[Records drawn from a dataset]
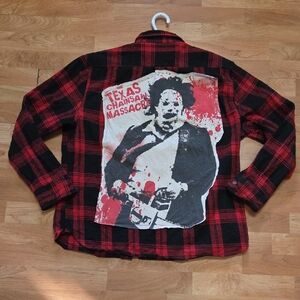 Texas chainsaw massacre Upcycled flannel shirt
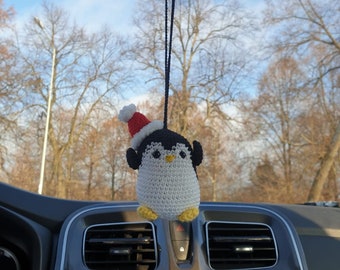 Car mirror hanging cute accessories crochet penguin Xmas hanger toy rear view mirror winter car charm Backpack pendant keychain gift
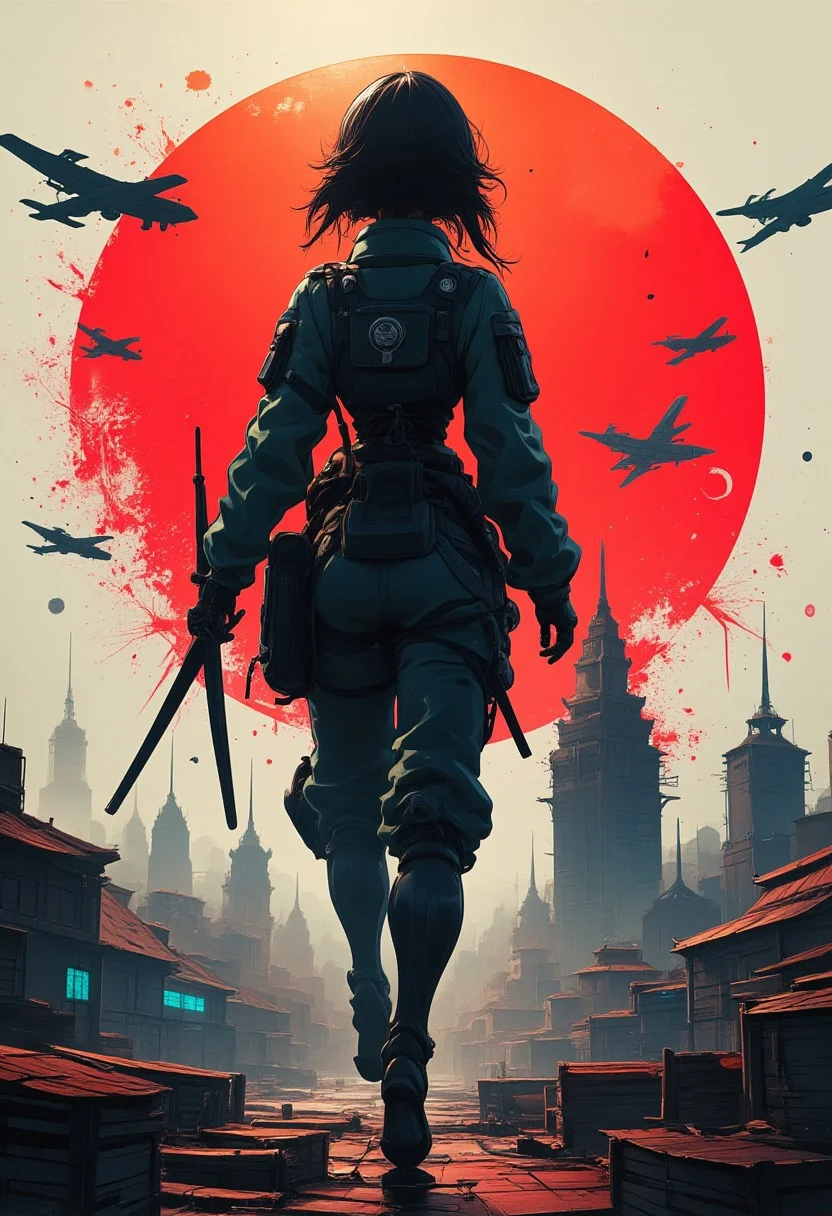 TanyaDegurechaff, cyberpunk, anime, Cyber Punk cyborg Samurai woman standing wide stride with warplane and city behind, highly detailed Mayhem style splattered Silhouette, background bizarre techno ghetto transmission, style minimalist, conceptual art posing Japanese, conceptual, 3d render, illustration, cinematic, photo
epic action, cinematic, award winning artwork, many details, patterned illumination, bad VHS tape image artifacts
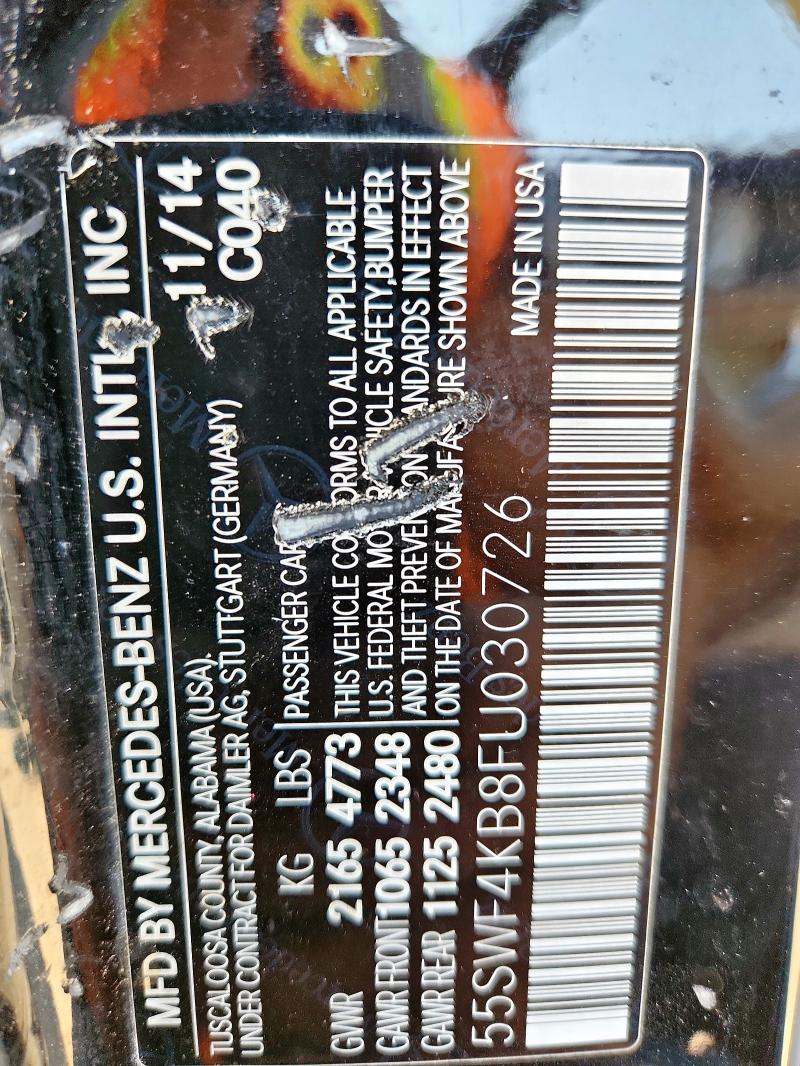 55SWF4KB8FU030726 - 2015 MERCEDES-BENZ C 300 4MATIC BLACK photo 12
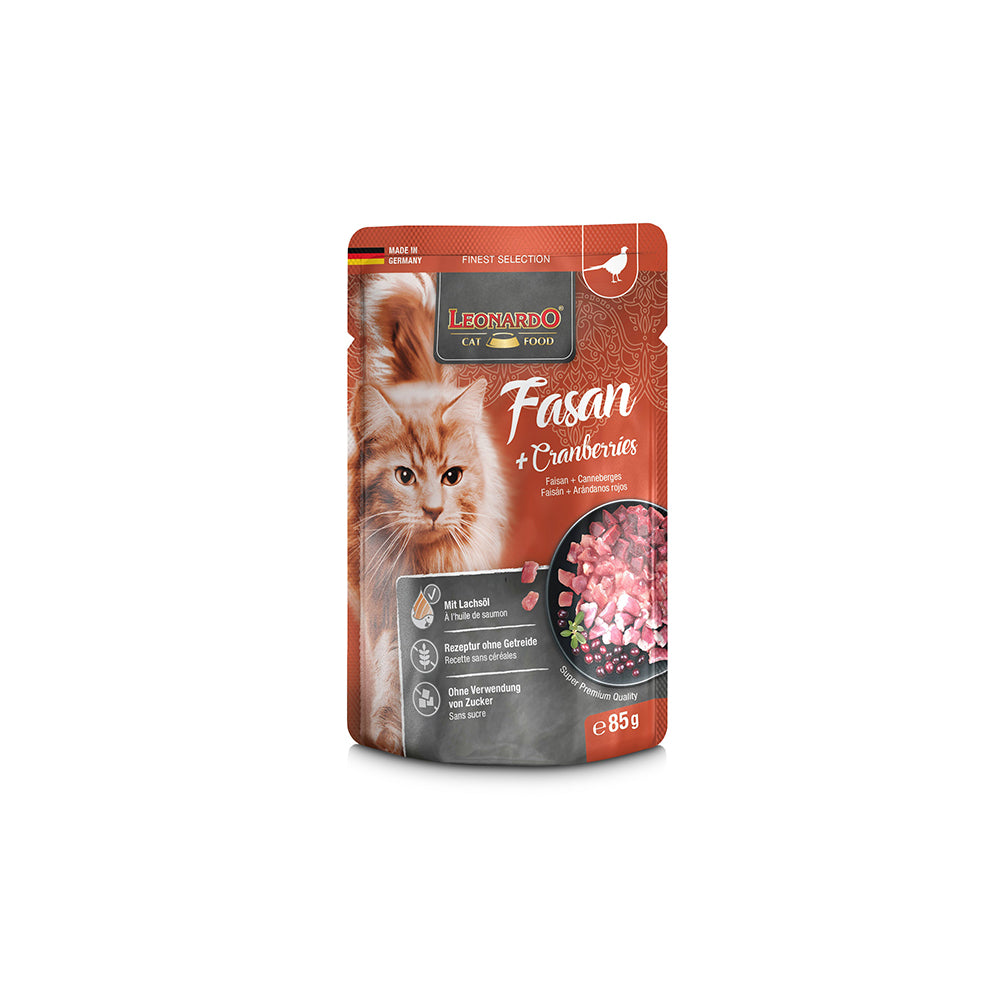 LEONARDO Finest Selection Pheasant &amp; Cranberry Wet Cat Food 85gx16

# What needs to be done
Transcribe every entry exactly, omitting pictures.

# Written solution
 Texas chainsaw massacre Upcycled flannel shirt
 Car mirror hanging cute accessories crochet penguin Xmas hanger toy rear view mirror winter car charm Backpack pendant keychain gift
 TanyaDegurechaff, cyberpunk, anime, Cyber Punk cyborg Samurai woman standing wide stride with warplane and city behind, highly detailed Mayhem style splattered Silhouette, background bizarre techno ghetto transmission, style minimalist, conceptual art posing Japanese, conceptual, 3d render, illustration, cinematic, photo
epic action, cinematic, award winning artwork, many details, patterned illumination, bad VHS tape image artifacts
 55SWF4KB8FU030726 - 2015 MERCEDES-BENZ C 300 4MATIC BLACK photo 12
 LEONARDO Finest Selection Pheasant &amp; Cranberry Wet Cat Food 85gx16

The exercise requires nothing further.